Abstract
Summary
Progesterone, a steroid hormone with well-defined antiglucocorticoid properties in vitro, is shown, paradoxically, to be a potent inducer of hepatic tyrosine aminotransferase in normal but not in adrenalectomized rats. It is further shown that progesterone, in adrenalectomized animals, markedly potentiates the induction of TAT by low doses of hydrocortisone, but that this synergism disappears at high doses of the latter hormone. In contrast, there is no synergism between progesterone and the synthetic steroid dexamethasone, which, unlike both hydrocortisone and the natural endogenous glucocorticoid corticosterone, does not bind to transcortin. These observations suggest that both the induction of TAT in the normal animal, as well as the potentiation of the inducing effects of low doses of exogenous hydrocortisone in the adrenalectomized animal, are attributable to the displacement by progesterone of endogenous corticosterone and exogenous hydrocortisone, respectively, from transcortin and the consequent rise in concentration of free circulating glucocorticoid.
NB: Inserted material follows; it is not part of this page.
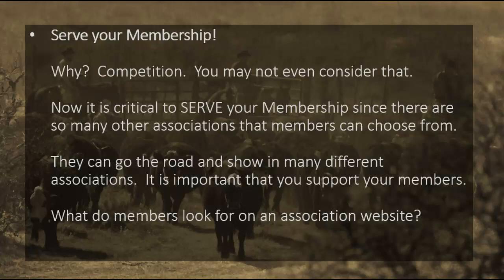The very first purpose of your website should be to serve your membership. You may not even consider that competition can be an issue. It's very critical to serve your membership since there are so many other associations out there, depending on your area of the country, that members can choose to go to. They can go on the road, go to different associations. So it's very important to keep track of those members, keep them happy, keep them wanting to come back.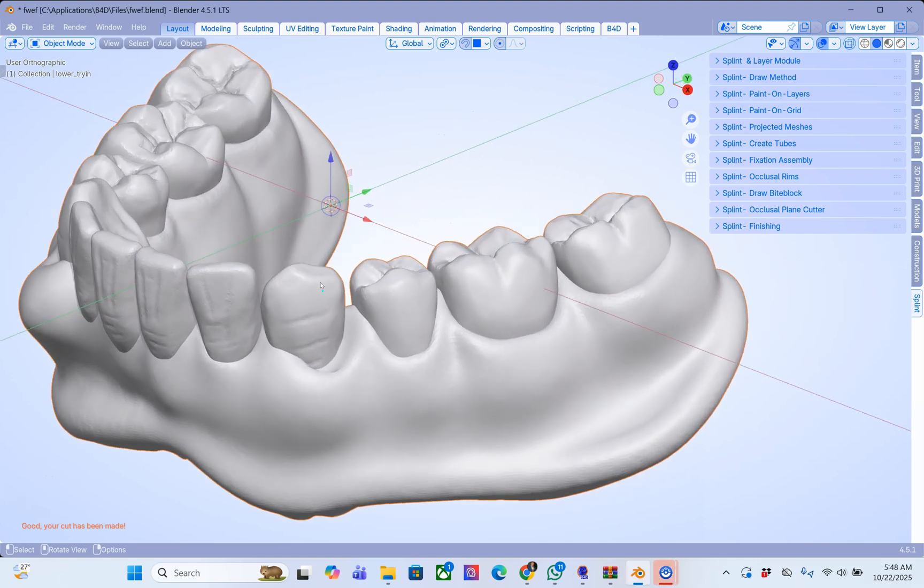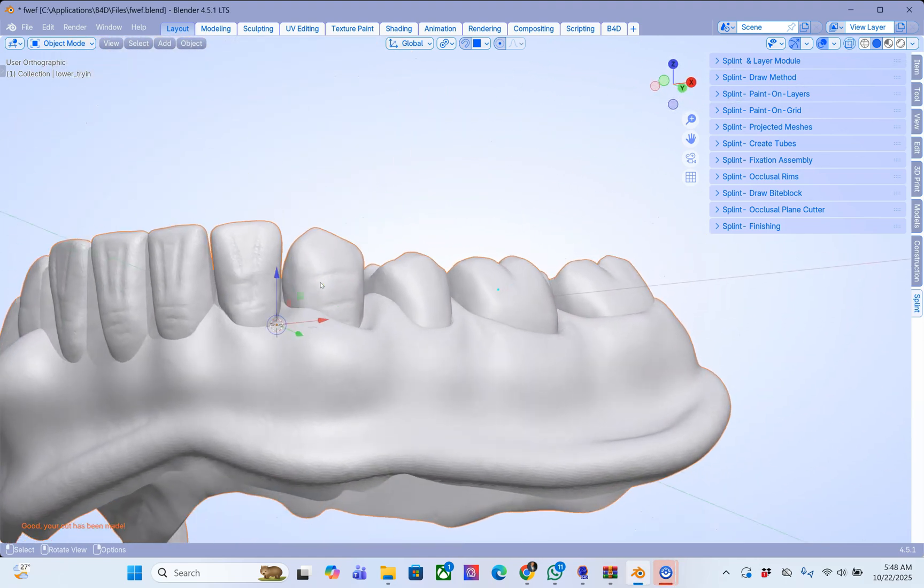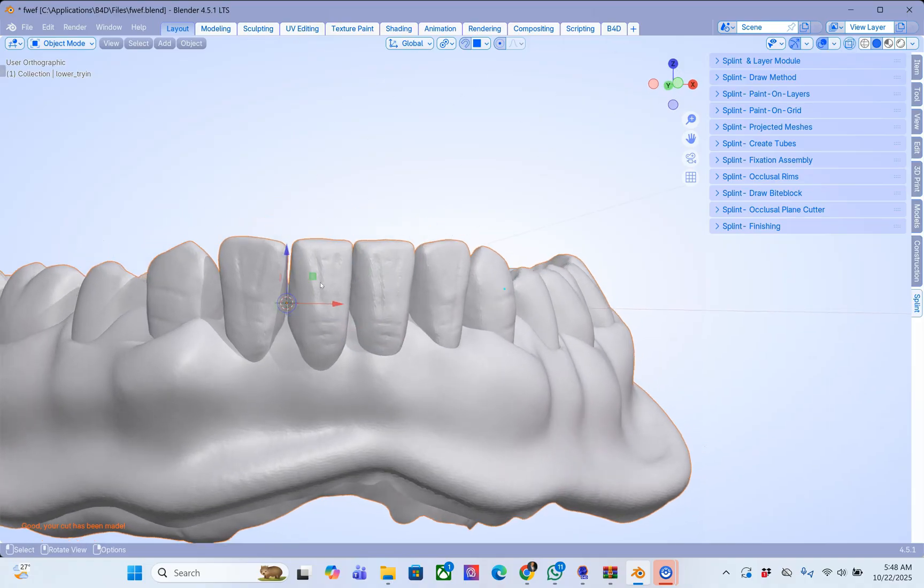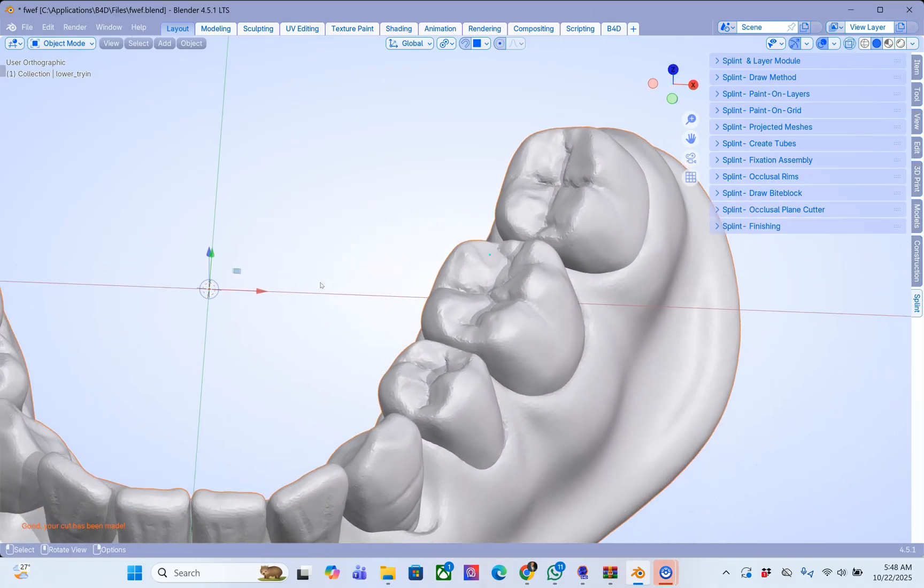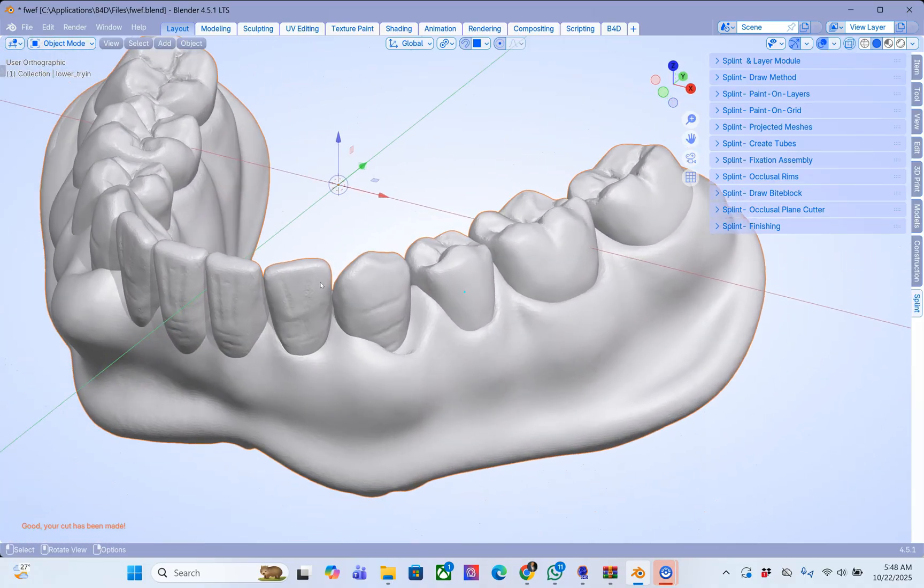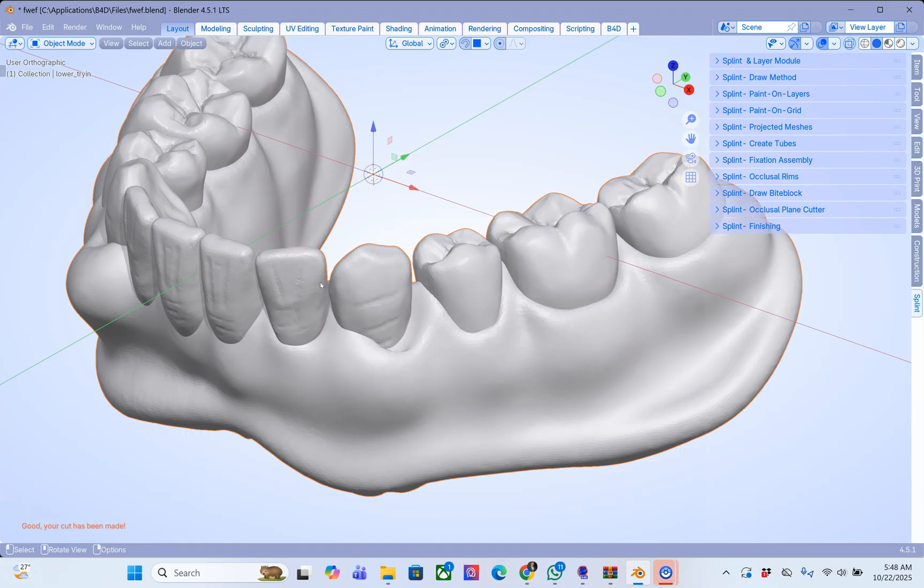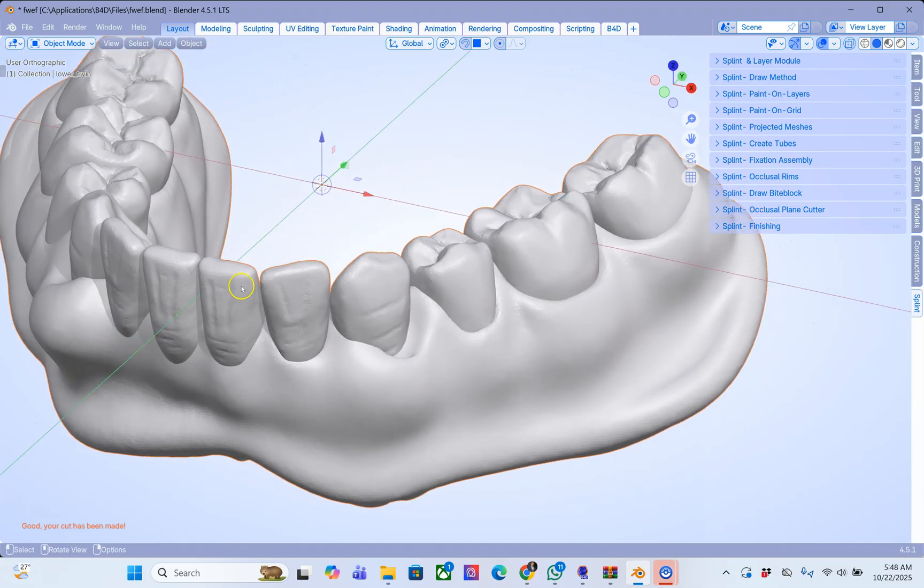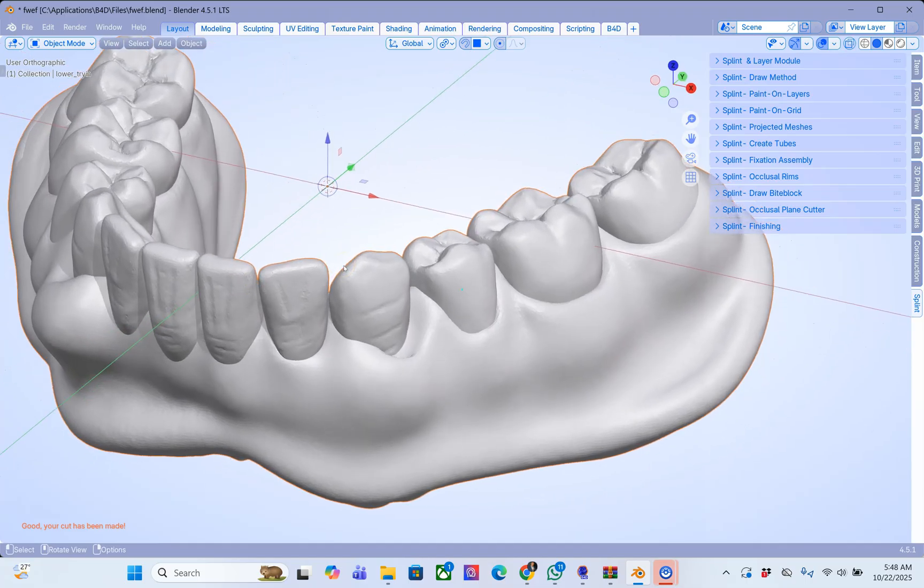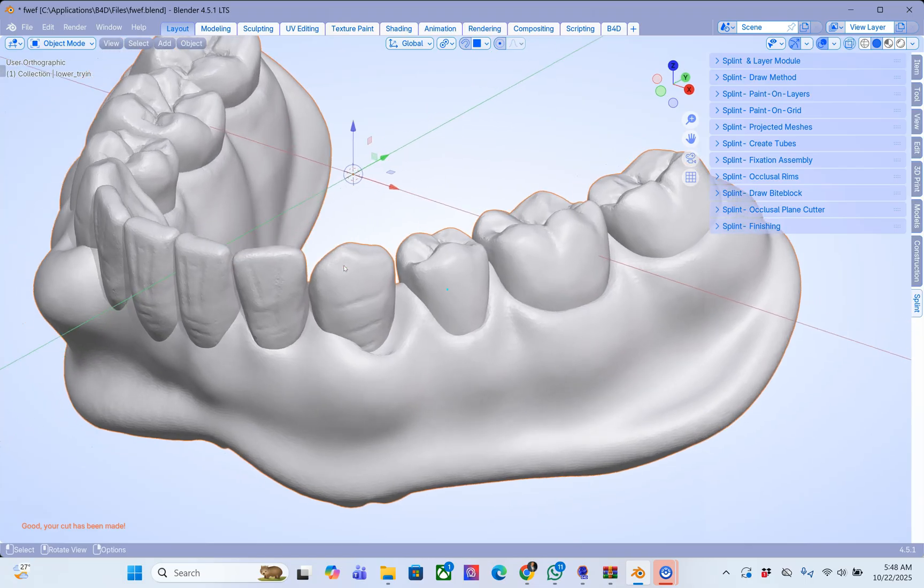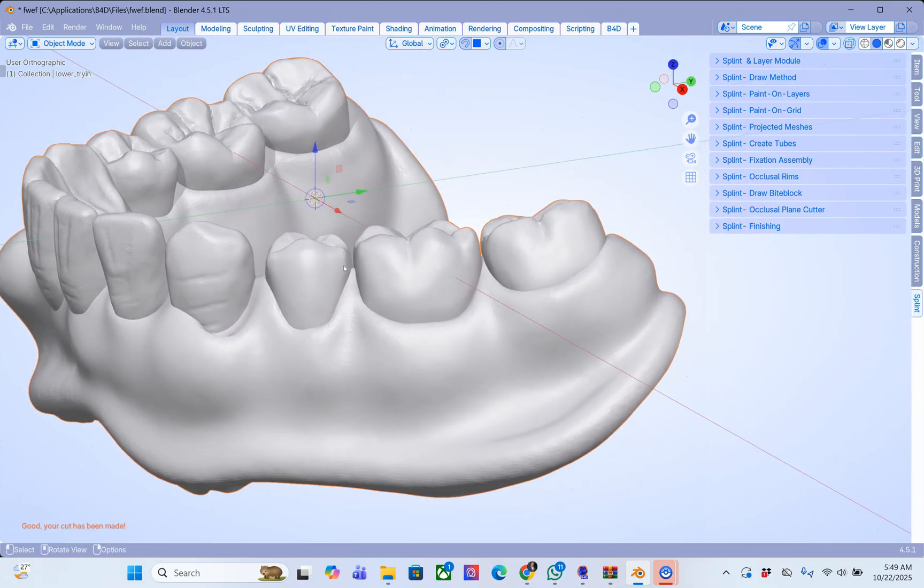In this video I'm going to be showing you how to cut the teeth off a denture. This can be done for various reasons. Maybe you want to do a copy denture or you may want to change the teeth or the angles of the teeth or whatever you need to do with it. But I'm going to just demonstrate what to do.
Although progesterone competes strongly with natural glucocorticoids for transcortin, it does so only weakly for the cytosolic glucocorticoid receptor. In contrast to its purely antiglucocorticoid effects in vitro, the effects of progesterone in the intact animal may thus reflect a balance between true antiglucocorticoid effects at the cytosol receptor level and other “glucocorticomimetic” effects due to a rise in free glucocorticoid level resulting from the displacement of endogenous glucocorticoid from plasma binding sites.
This work was supported in part by United States Public Health Service Grant HD-05506 and by the Perkin Memorial Fund of The Presbyterian Hospital in the City of New York.